» INSTRUCTIONS FOR THE TASK:
Repeat the data that follows exactly, starting at the line with "der Kategorie „Klimaverträglicher" and ending at the line with "Sabri Boukadoum reçu", and leave out every picture.

§ §

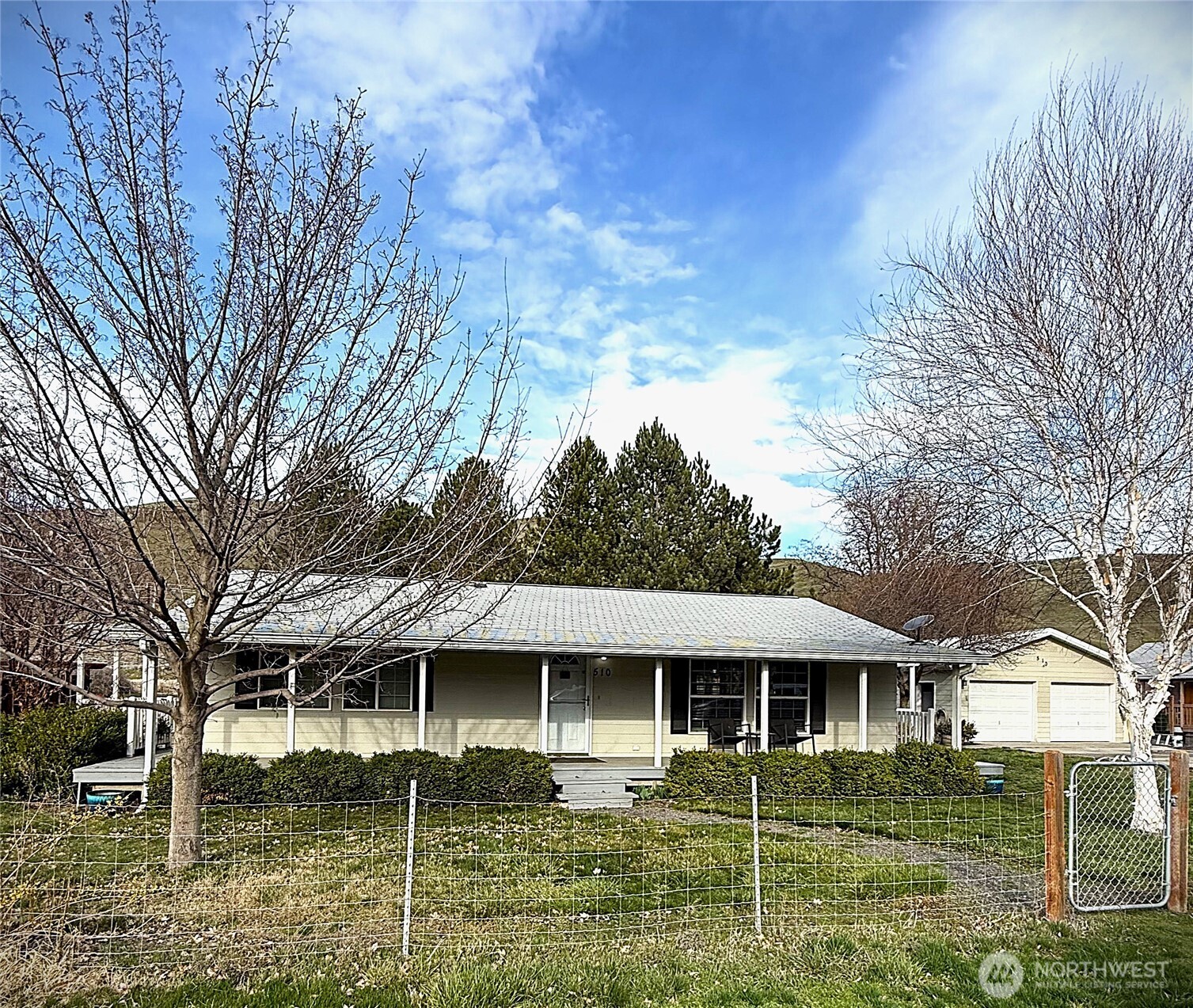 Listing image 1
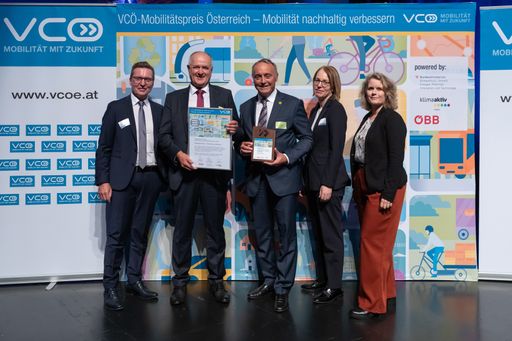  Herbert Moser, Knauf Logistikleiter und Peter Wanek-Pusset,
Eigentümer und CEO von Innofreight nahmen den VCÖMobilitätspreis in
der Kategorie „Klimaverträglicher Güterverkehr und Logistik"
entgegen.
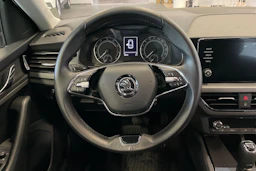 Harmaa Skoda SCALA 2021 kuva 13.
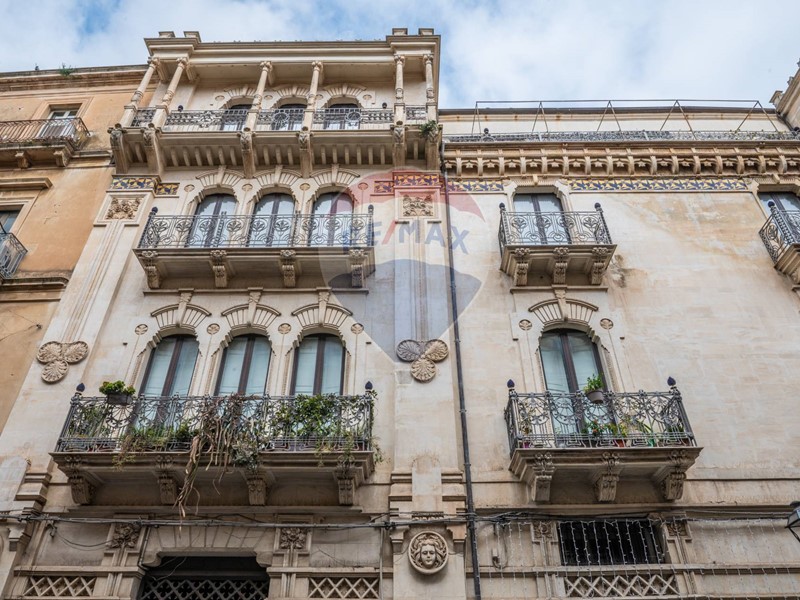 Appartamento in Vendita a Caltagirone, 110'000€, 159 m²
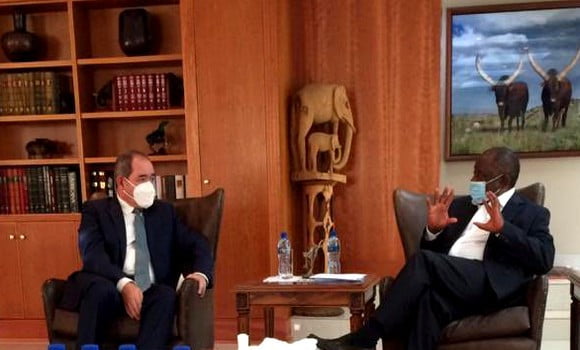 Sabri Boukadoum reçu à Pretoria par le président Ramaphosa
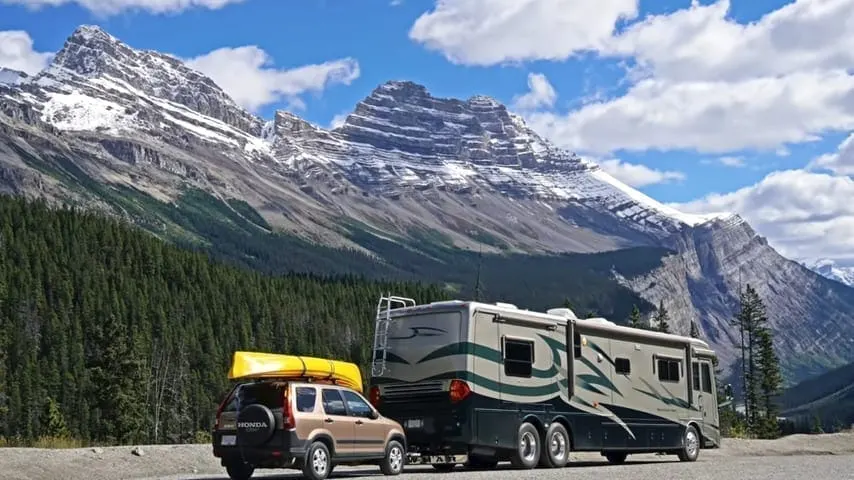 Gas powered motorhomes may have trouble traveling in the mountains while towing an SUV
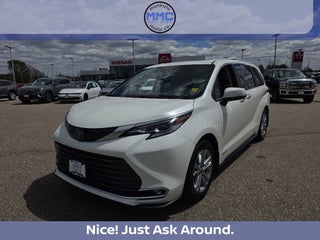 2021 Toyota Sienna Platinum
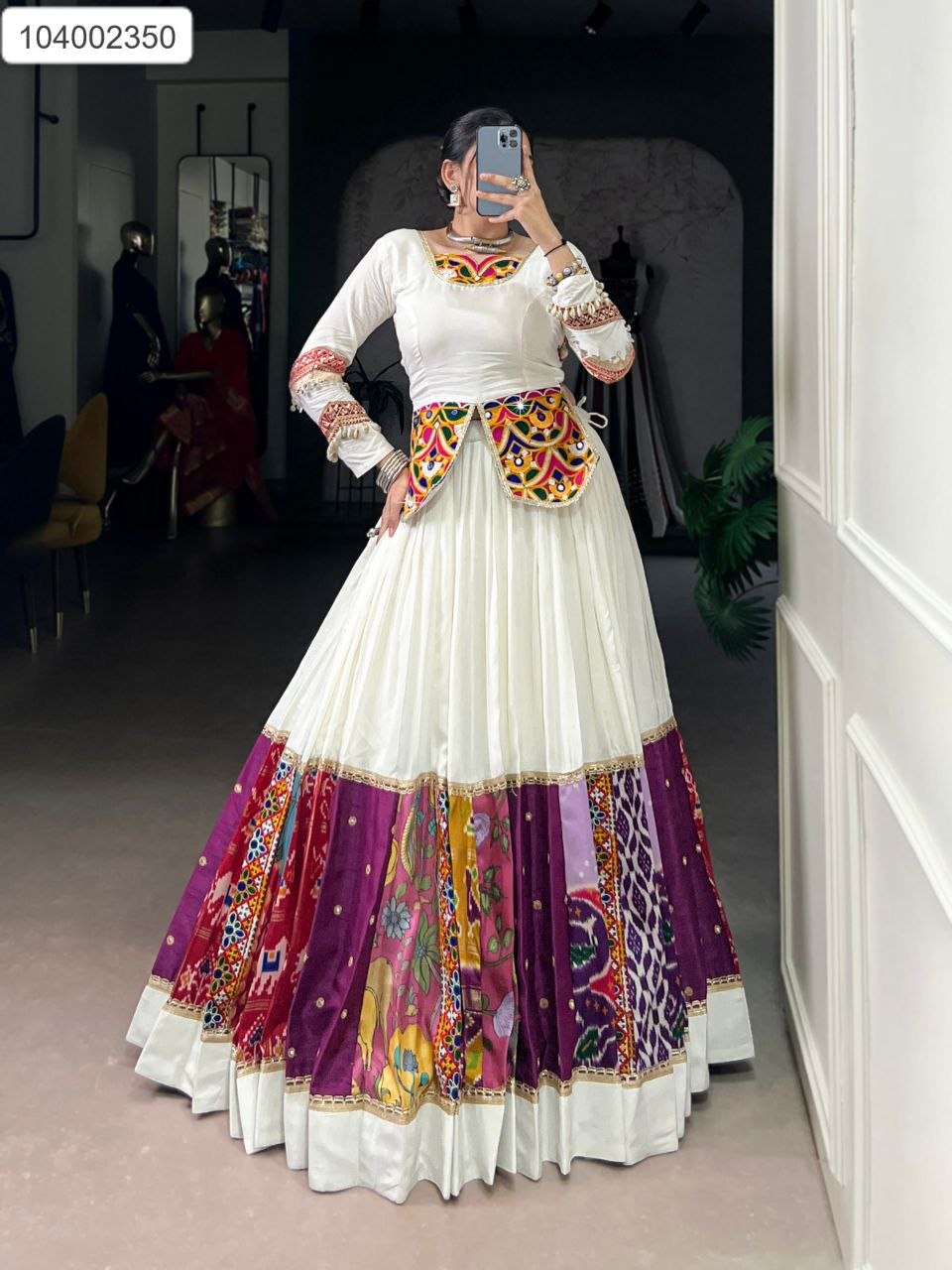 Multicolor beauty with a touch of tradition – designed for Garba moves
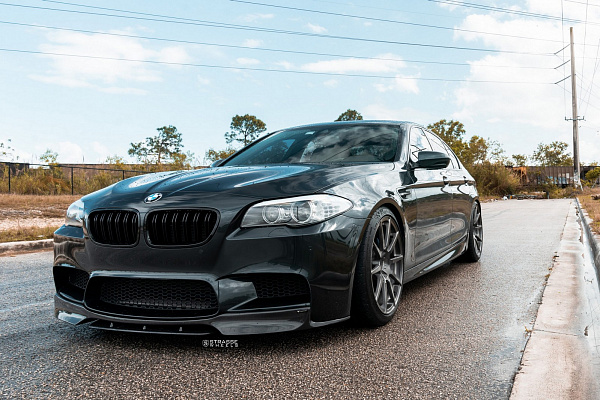 Фото дисков Strasse Wheels R10 Deep Concave Monoblock Сатиновый темный лак на BMW 5/M5 (F10)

§ §

» SOLUTION FOR THIS PROBLEM:
der Kategorie „Klimaverträglicher Güterverkehr und Logistik"
entgegen.
 Harmaa Skoda SCALA 2021 kuva 13.
 Appartamento in Vendita a Caltagirone, 110'000€, 159 m²
 Sabri Boukadoum reçu à Pretoria par le président Ramaphosa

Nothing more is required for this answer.